Nick vanishes, but nobody cares. George, Jack, and Trudy remain. Trudy plays with the reel-to-reel recorder and tapes a diary entry. They swill down their drinks amid the trashed living room until they pass out. The music changes, morning comes, and the once-trashed living room, with glass marbles scattered everywhere, is pristine. A yacht captain and his sailors investigate the house and find it empty. They don’t check the meat locker. They leave.
Then George, Jack, and Trudy wake up in the trashed living room! They discover the recorder had been left on and hear the voice of the yacht captain ordering his crew to search the place. They find Nick hanging in the meat locker, argue, and accuse Trudy of drugging their drinks before separating. George finds a hidden, broken boat. Jack admits to drugging George and Trudy, hiding their sleeping bodies, cleaning up the entire house of evidence so the yacht crew found a pristine house, followed by putting everything back exactly the way it was!
Referencing the novel, sole survivors Jack and Trudy stand off against each other over the formula microfilm. It doesn’t end well. Isabel reappears. She takes all three checks and tries to get the microfilm. Jack’s not quite dead because either Trudy’s a lousy shot or he learned mad survival skills on all those sword-and-sandal epics. Isabel fights him off and leaves his body in the meat locker.
By this point, you’re thinking, “Okay, this is weird. Does Isabel have vengeance in mind against these people that she’s going to reveal?” She does not. She wanted the money! She saw those million-dollar checks floating around, and in a criminally underwritten plot, decides to take advantage of Jack’s murders. She’d lurk in the background until the shooting stopped, then swoop in and get rich.

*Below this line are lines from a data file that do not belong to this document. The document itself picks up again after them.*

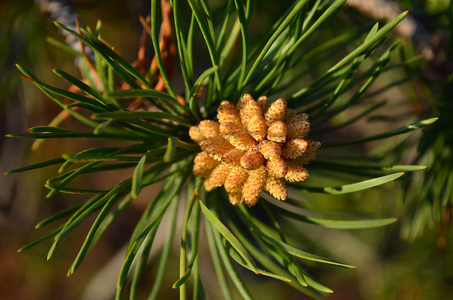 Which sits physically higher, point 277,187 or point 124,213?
point 124,213

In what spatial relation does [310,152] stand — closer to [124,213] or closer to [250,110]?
[250,110]

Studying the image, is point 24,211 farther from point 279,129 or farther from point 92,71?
point 279,129

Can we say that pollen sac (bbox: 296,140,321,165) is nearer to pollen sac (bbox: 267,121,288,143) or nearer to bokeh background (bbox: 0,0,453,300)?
pollen sac (bbox: 267,121,288,143)

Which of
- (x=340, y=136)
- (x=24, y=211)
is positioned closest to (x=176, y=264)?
(x=24, y=211)

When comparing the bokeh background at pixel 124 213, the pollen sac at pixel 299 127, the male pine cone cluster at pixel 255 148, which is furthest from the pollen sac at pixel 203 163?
the bokeh background at pixel 124 213

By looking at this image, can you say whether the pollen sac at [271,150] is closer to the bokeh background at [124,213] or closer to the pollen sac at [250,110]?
the pollen sac at [250,110]

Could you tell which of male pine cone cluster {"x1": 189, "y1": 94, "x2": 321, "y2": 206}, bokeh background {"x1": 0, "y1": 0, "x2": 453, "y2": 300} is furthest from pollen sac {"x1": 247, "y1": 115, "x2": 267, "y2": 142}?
bokeh background {"x1": 0, "y1": 0, "x2": 453, "y2": 300}

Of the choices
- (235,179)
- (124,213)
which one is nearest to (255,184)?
(235,179)

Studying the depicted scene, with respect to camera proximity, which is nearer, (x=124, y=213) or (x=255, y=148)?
(x=255, y=148) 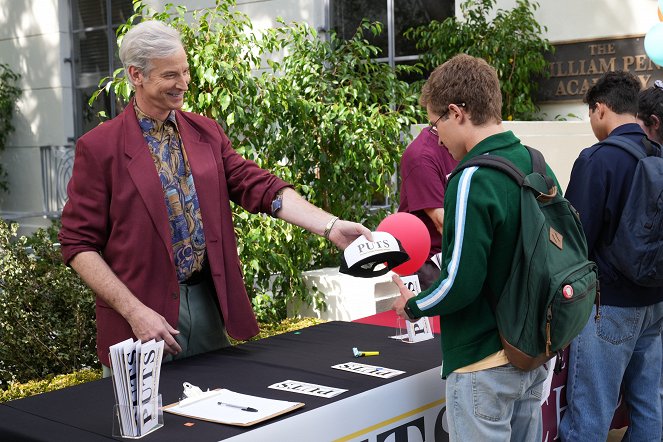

You learn this when she visits Professor Gerry in jail. He’s still alive? Isabel is the daughter of a game warden, remember? Despite him being 40 years older, she’s madly in love with Professor Gerry so she shot him with a tranquilizer gun to get him safely out of the way. Professor Gerry ended up in police hands (you won’t learn how) and while under the sodium pentothal, he confessed to murdering his research partner for the formula. He’s in jail, awaiting trial and execution. Why did Isabel visit him? Because she didn’t know the bank account number on the last check and she’d already spent the other two million dollars. Professor Gerry tells her and off she goes to spend more money.
This all makes about as much sense as the bizarre title. Maybe it was clear in Italian but got lost in translation.